(1.) THE petitioner, who is working as a Technical Assistant with the Mahatma Gandhi National Rural Employment Guarantee Scheme, challenges the correctness and validity of the orders passed by the Project Director, Nalgonda District, on 23 -01 -2015, temporarily putting him off from contract services as such.
(2.) SRI M. Venkat Ram Reddy, learned counsel for the petitioner, would urge that the scheme, which has been framed by the State Government, provided for the disciplinary control as well. Para 6 of the Disciplinary Rules for FTEs of SRDS (2012) dealt with the terms and conditions for conducting Disciplinary cases and Appeals. Para 6.1 deals with involvement in criminal cases and convictions, which provision enabled the employee to be kept under suspension, whereas para 6.2 deals with the procedure for conducting and concluding the disciplinary cases. Thus, excepting in a case where an employee is involved in criminal cases and he is also convicted, the question of placing him under suspension would not arise. The learned counsel would further urge that even assuming that there is an inherent power in the appointing authority of an employee to also place him under suspension pending any inquiry, since the inquiry is required to be concluded under the Disciplinary Rules, in particular para 6.2 (vi), within thirty days from the date of detection of the irregularity, the period of suspension cannot prolong beyond the said thirty days limit and after expiry of the thirty days limit, the suspension can be treated to have lapsed. It was also further urged by the learned counsel for the petitioner that the petitioner and his likes are placed under suspension very routinely and thereafterwards their existence and their rights are completely forgotten. No subsistence allowance is tendered. Therefore, the entire exercise gets vitiated.
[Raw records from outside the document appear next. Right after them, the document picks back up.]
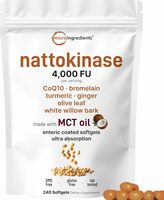 Enteric Coated Nattokinase with CoQ10, Turmeric & MCT Oil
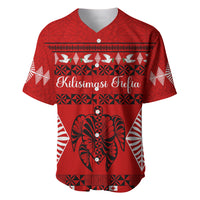 Personalised Tonga Kilisimasi Fiefia Baseball Jersey Merry Christmas with Turtle Ngatu Pattern LT9 - Wonder Print Shop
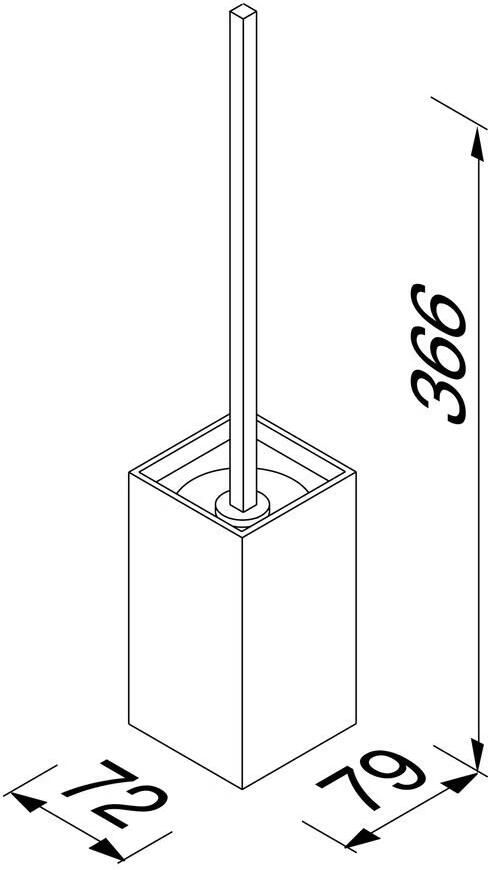 Geesa Toiletborstel Hotel | Met houder | Chroom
(3.) PER contra, Sri M.S.R. Chandra Murthy, learned Standing Counsel for the 4th respondent, would urge that the petitioner and others like him are engaged on a contractual basis. They stand on a different footing from those, who have been engaged on a regular basis and further, the irregularities committed have got to be investigated first very carefully and the necessary material has got to be gathered before any penalty is imposed for the proven misconduct. Therefore, unless the employee is kept under suspension, his access to the records and men cannot be prevented.